解释:
1、master要求worker启动driver和executor
2、worker启动driver的一个基本的原理,worker会启动一个线程DriverRunner,然后DriverRunner会去负责启动driver进程,然后在之后对driver进程进行管理
3、worker启动executor的一个基本的原理,worker会启动一个线程ExecutorRunner,然后ExecutorRunner会去负责启动executor进程,然后在之后对executor进程进行管理
4、driver首先创建driver的工作目录,封装启动driver的命令,用ProcessBuilder启动Driver
5、executor首先创建executor的工作目录,封装启动executor的命令,用ProcessBuilder启动executor,executor找到对应的driver,去反向注册自己,然后就可以启动executor
schedule方法:
源码位置:org/apache/spark/deploy/master/Master.scala
/**
* 资源调度算法
*/
private def schedule(): Unit = {
// 首先判断master的状态不是alive的话直接返回
// 也就是说,standby master是不会进行application等资源的调度的
if (state != RecoveryState.ALIVE) { return }
// Drivers take strict precedence over executors
// random shuffle的原理是对传入的集合的元素进行随机的打乱
// 这里是对取出workers中所有注册上来上的worker,进行过滤,必须是状态为alive的worker
// 对状态为alive的worker,调用rondom的shuffle方法进行随机的打乱
// 意思就是从ArrayBuffer的最后一个元素开始到第三个元素,对于每个元素,都会取出该范围内的随机数,
// 比如说buf.length为10,然后next会取0到10的一个随机数,然后就会把buf随机的一个位置和该数字进行交换
val shuffledWorkers = Random.shuffle(workers) // Randomization helps balance drivers
// 遍历活着的worker
for (worker <- shuffledWorkers if worker.state == WorkerState.ALIVE) {
// 遍历等待的driver,只有yarn-cluster和standalone的cluster模式提交的时候,才会注册driver,其他方式都是在
// 本地启动driver,而不是来注册driver,更不可能让master来调度driver
for (driver <- waitingDrivers) {
// 判断当前的worker的空闲内存量大于等于driver需要的内存量和判断worker的空闲cpu数大于等于driver需要的cpu数量
if (worker.memoryFree >= driver.desc.mem && worker.coresFree >= driver.desc.cores) {
// 启动driver
launchDriver(worker, driver)
// 将driver从等待的driver的队列中删除
waitingDrivers -= driver
}
}
}
// 在workers上启动和调度executor
startExecutorsOnWorkers()
}
master启动并管理driver进程源码分析:
第一步:调用schedule方法的launchDriver方法
源码位置:org/apache/spark/deploy/master/Master.scala
/**
* 在某一个worker上启动driver
*/
private def launchDriver(worker: WorkerInfo, driver: DriverInfo) {
logInfo("Launching driver " + driver.id + " on worker " + worker.id)

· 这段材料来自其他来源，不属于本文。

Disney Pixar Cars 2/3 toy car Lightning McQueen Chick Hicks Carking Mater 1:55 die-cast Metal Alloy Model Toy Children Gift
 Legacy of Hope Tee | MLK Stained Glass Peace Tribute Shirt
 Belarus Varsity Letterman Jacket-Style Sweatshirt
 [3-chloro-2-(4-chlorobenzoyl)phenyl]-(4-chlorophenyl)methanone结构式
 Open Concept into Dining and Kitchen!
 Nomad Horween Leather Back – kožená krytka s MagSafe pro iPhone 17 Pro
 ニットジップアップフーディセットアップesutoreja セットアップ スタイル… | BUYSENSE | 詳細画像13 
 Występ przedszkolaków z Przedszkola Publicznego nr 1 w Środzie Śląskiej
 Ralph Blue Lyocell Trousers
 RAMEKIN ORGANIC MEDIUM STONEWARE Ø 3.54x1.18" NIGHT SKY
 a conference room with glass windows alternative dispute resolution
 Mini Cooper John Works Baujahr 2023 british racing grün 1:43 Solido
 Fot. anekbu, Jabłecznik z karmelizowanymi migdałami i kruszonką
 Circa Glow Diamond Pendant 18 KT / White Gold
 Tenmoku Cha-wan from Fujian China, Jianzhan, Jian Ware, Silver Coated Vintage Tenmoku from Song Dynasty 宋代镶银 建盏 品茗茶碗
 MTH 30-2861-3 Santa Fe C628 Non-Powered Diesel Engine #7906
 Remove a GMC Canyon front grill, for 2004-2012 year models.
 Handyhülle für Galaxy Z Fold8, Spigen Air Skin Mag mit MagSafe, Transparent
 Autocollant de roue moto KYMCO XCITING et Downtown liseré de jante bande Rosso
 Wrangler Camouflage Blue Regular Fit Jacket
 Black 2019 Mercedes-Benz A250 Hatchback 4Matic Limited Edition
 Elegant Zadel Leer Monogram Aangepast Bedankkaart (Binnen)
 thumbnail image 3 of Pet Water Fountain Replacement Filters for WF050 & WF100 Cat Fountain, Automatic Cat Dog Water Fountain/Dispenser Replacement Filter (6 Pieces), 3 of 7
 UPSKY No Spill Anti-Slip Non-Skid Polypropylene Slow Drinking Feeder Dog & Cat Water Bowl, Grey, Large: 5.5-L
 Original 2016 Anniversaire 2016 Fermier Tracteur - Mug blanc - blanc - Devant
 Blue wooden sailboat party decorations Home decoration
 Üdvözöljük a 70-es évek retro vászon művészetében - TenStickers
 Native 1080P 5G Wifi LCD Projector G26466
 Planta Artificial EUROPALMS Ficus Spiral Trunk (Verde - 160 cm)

// 将driver加入到worker内部的缓冲结构中
// 将worker中使用的内存和cpu的数量,都加上driver需要的内存和cpu的数量
worker.addDriver(driver)
// 将worker加入到driver的内存缓冲结构中
driver.worker = Some(worker)
// 调用worker的actor,给worker发送注册driver的信息
worker.endpoint.send(LaunchDriver(driver.id, driver.desc))
driver.state = DriverState.RUNNING
}
第二步:调用worker的launchDriver方法
源码位置:org/apache/spark/deploy/worker/Worker.scala
// 启动driver
case LaunchDriver(driverId, driverDesc) => {
logInfo(s"Asked to launch driver $driverId")
val driver = new DriverRunner(
conf,
driverId,
workDir,
sparkHome,
driverDesc.copy(command = Worker.maybeUpdateSSLSettings(driverDesc.command, conf)),
self,
workerUri,
securityMgr)
drivers(driverId) = driver
driver.start()
coresUsed += driverDesc.cores
memoryUsed += driverDesc.mem
}
第三步:调用第二步的DriverRunner方法
源码位置:org/apache/spark/deploy/worker/DriverRunner.scala
/** Starts a thread to run and manage the driver. */
private[worker] def start() = {
/**
* 创建线程
*/
new Thread("DriverRunner for " + driverId) {
override def run() {
try {
// 第一步:创建driver的工作目录
val driverDir = createWorkingDirectory()
// 第二步:下载用户上传的jar
val localJarFilename = downloadUserJar(driverDir)
def substituteVariables(argument: String): String = argument match {
case "{{WORKER_URL}}" => workerUrl
case "{{USER_JAR}}" => localJarFilename
case other => other
}
// TODO: If we add ability to submit multiple jars they should also be added here
// 构建ProcessBuilder
// 传入了driver的启动命令、需要的内存大小等信息
val builder = CommandUtils.buildProcessBuilder(driverDesc.command, securityManager,
driverDesc.mem, sparkHome.getAbsolutePath, substituteVariables)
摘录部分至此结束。